**Exercise prompt**: Return each line of the records with nothing changed, pictures excepted.

**Given entries**:
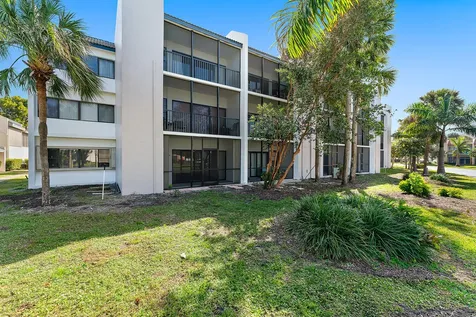 1605 S Us Highway 1 Jupiter FL 33477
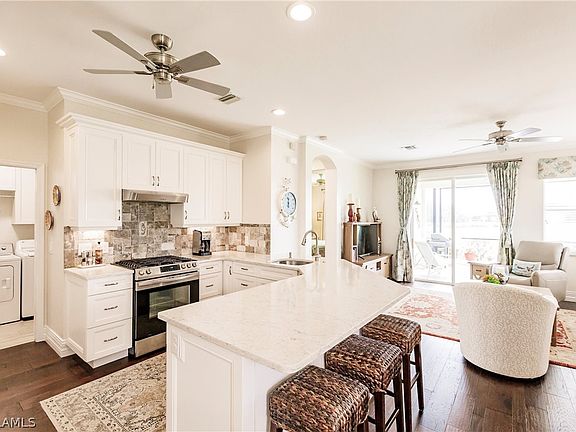 2nd image of 9249 Aviano Dr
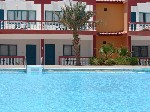 Hotel Nefertari Safaga 3 stele, Safaga, Egipt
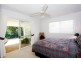 66 Wishart Rd, Upper Mount Gravatt QLD 4122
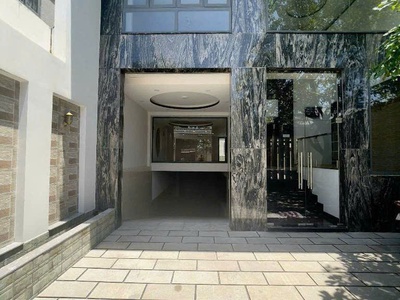 Bán căn hộ dịch vụ cao cấp tại bình trưng đông, quận 2 1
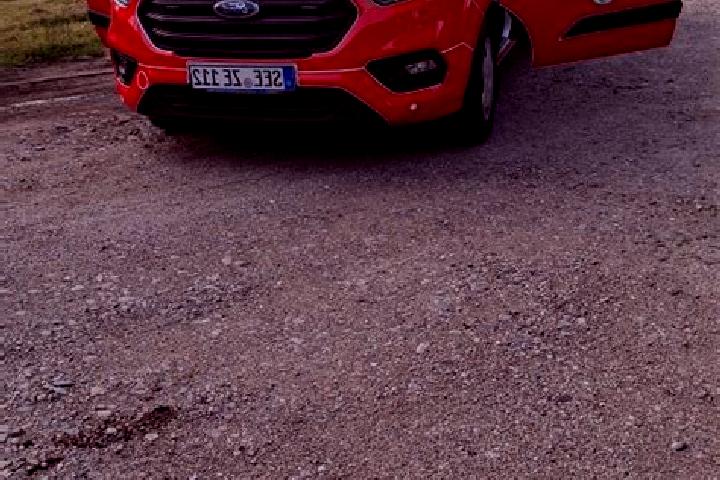 Nova, 20 — Escort in Zechin, Germany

**Reply**:
 1605 S Us Highway 1 Jupiter FL 33477
 2nd image of 9249 Aviano Dr
 Hotel Nefertari Safaga 3 stele, Safaga, Egipt
 66 Wishart Rd, Upper Mount Gravatt QLD 4122
 Bán căn hộ dịch vụ cao cấp tại bình trưng đông, quận 2 1
 Nova, 20 — Escort in Zechin, Germany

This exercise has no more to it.